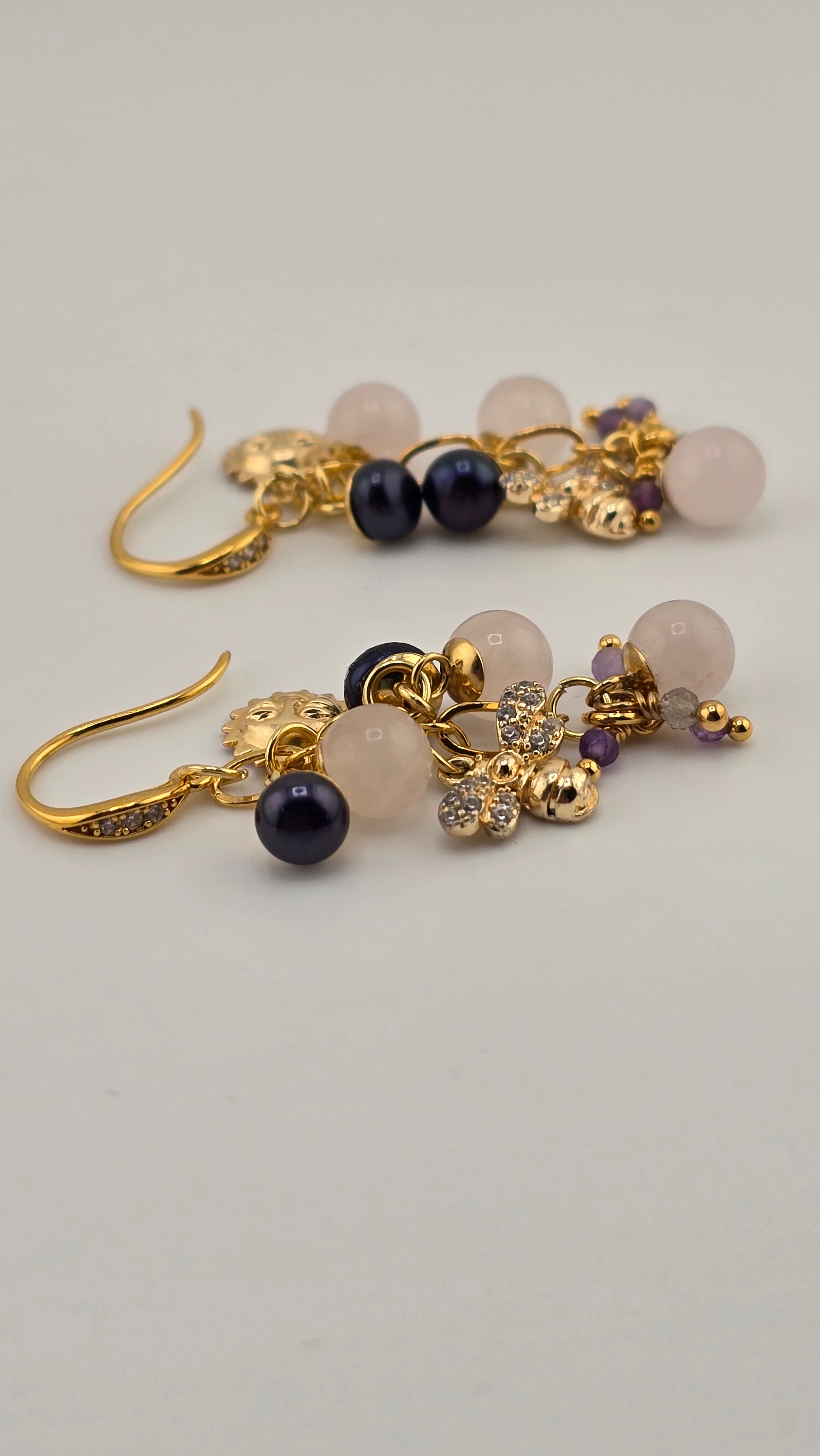 Boucles d 'oreilles en plaqué or 24k
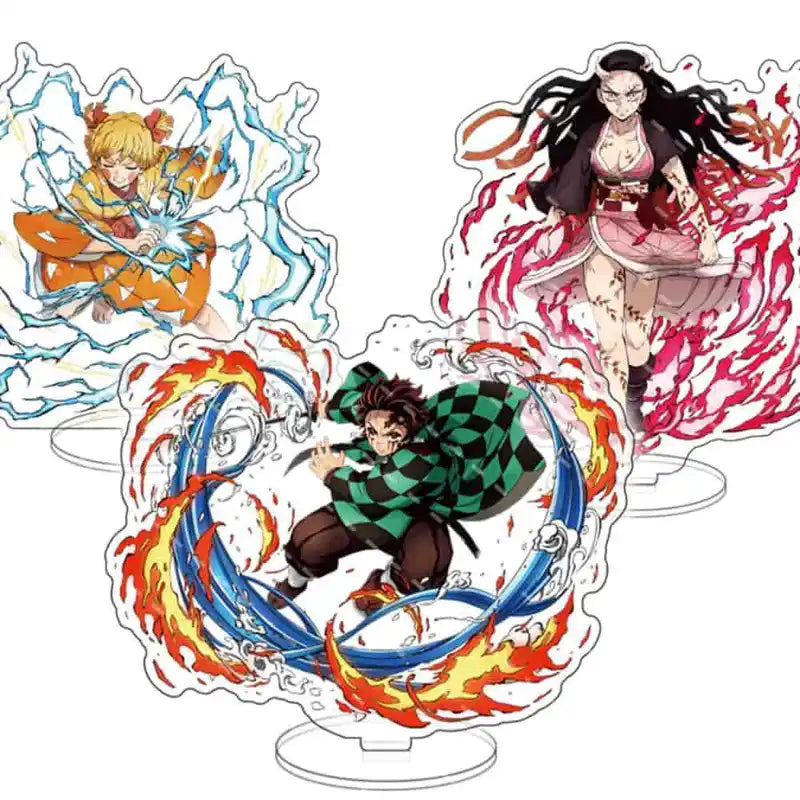 Anime Demon Slayer Acrylic Stands Kimetsu No Yaiba Miniatures & Figurines - Multiple Colors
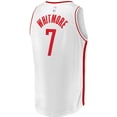 thumbnail image 3 of Men's Fanatics Cam Whitmore White Houston Rockets Fast Break Replica Player Jersey - Association Edition, 3 of 3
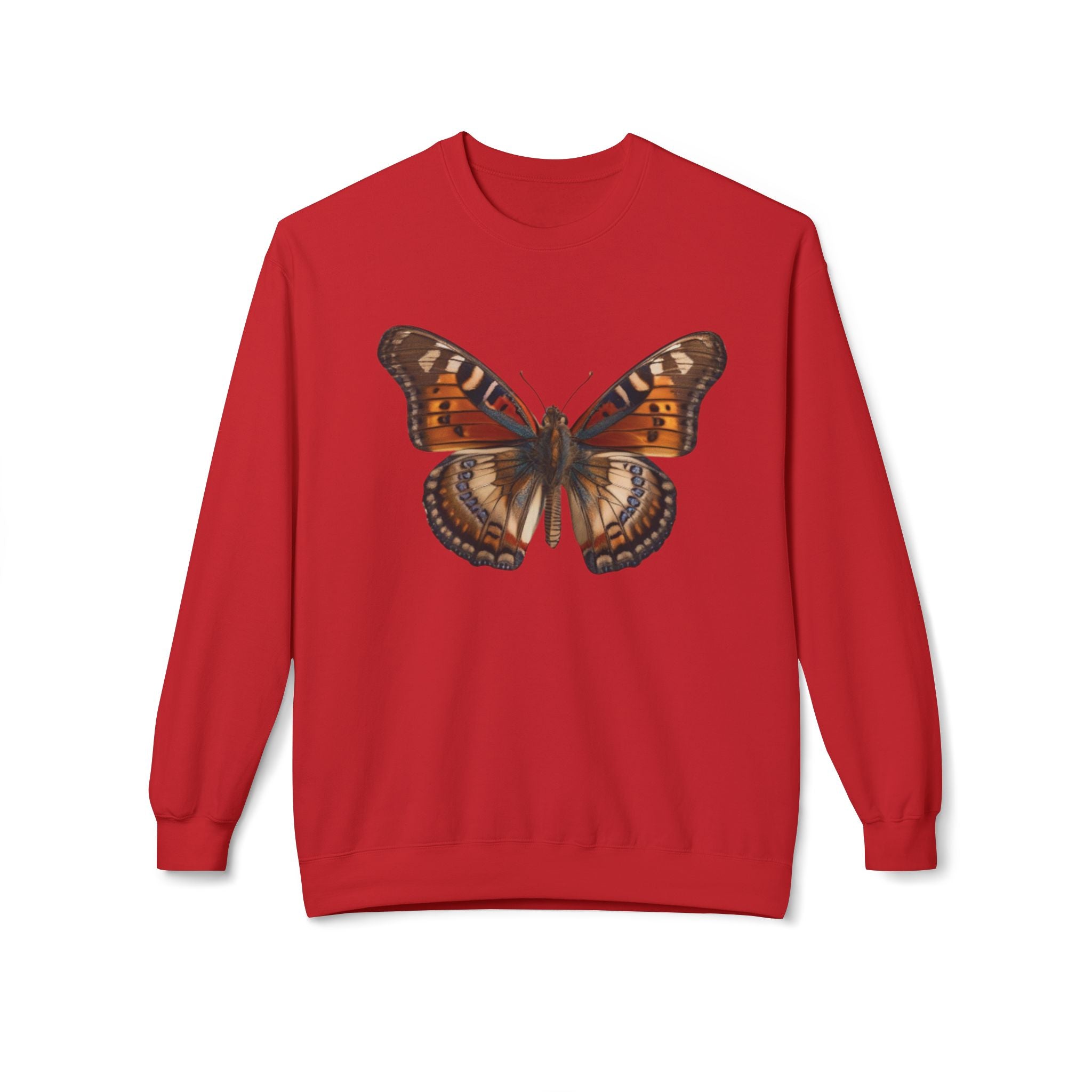 Butterfly Crewneck Sweatshirt for Women 
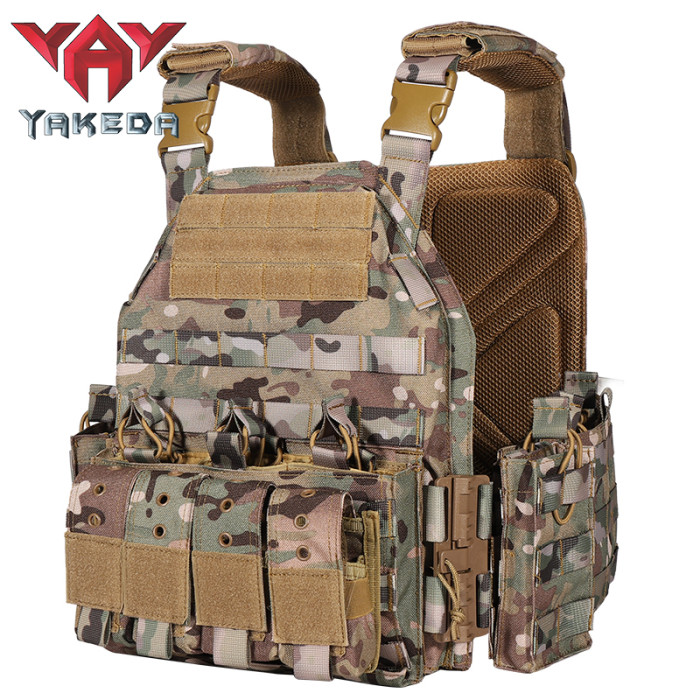YAKEDA quick release swat jpc military molle army tactical bullet proof plate carrier vest for hunting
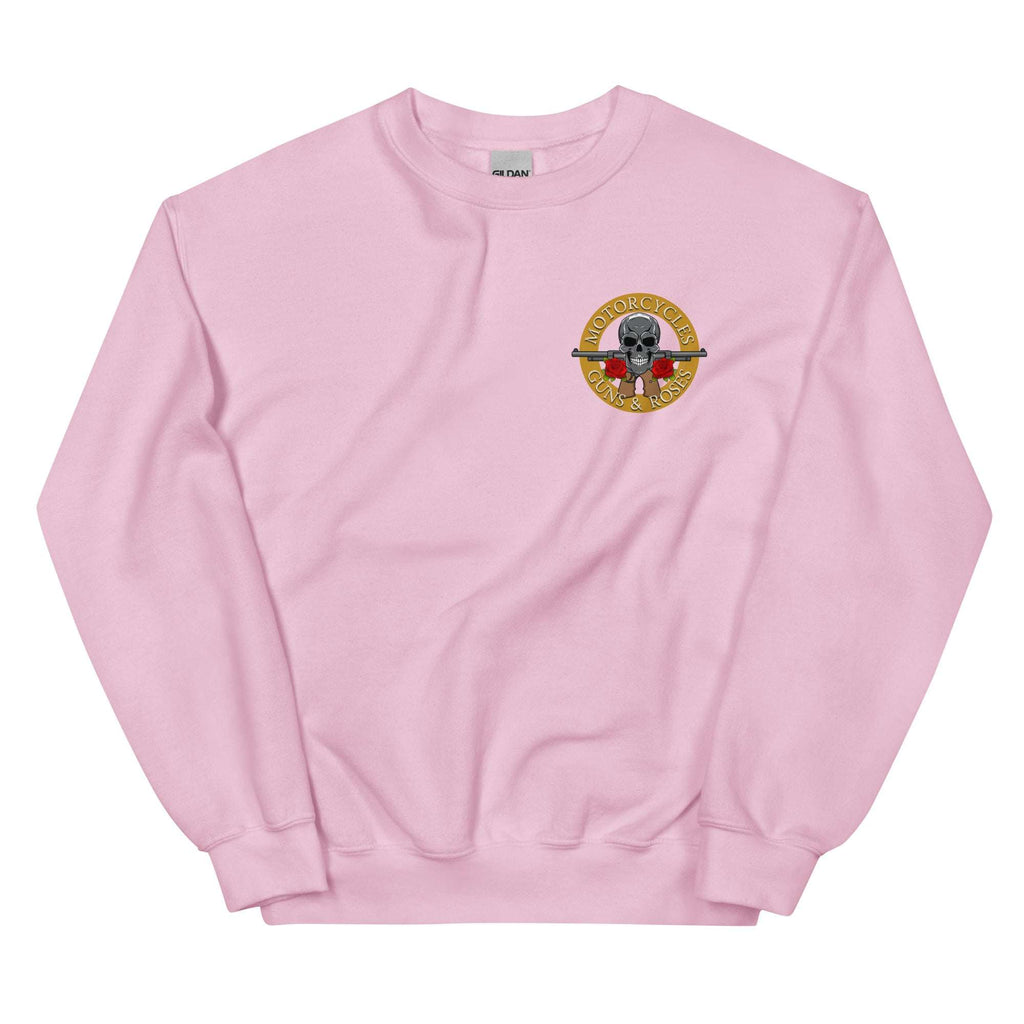Motorcycles Guns And Roses Sweatshirt - MGW Clothing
● ● ● ● ●
PROBLEM DESCRIPTION: Transcribe the records above exactly, skipping pictures.

RESPONSE BOX:
 Boucles d 'oreilles en plaqué or 24k
 Anime Demon Slayer Acrylic Stands Kimetsu No Yaiba Miniatures & Figurines - Multiple Colors
 thumbnail image 3 of Men's Fanatics Cam Whitmore White Houston Rockets Fast Break Replica Player Jersey - Association Edition, 3 of 3
 Butterfly Crewneck Sweatshirt for Women 
YAKEDA quick release swat jpc military molle army tactical bullet proof plate carrier vest for hunting
Motorcycles Guns And Roses Sweatshirt - MGW Clothing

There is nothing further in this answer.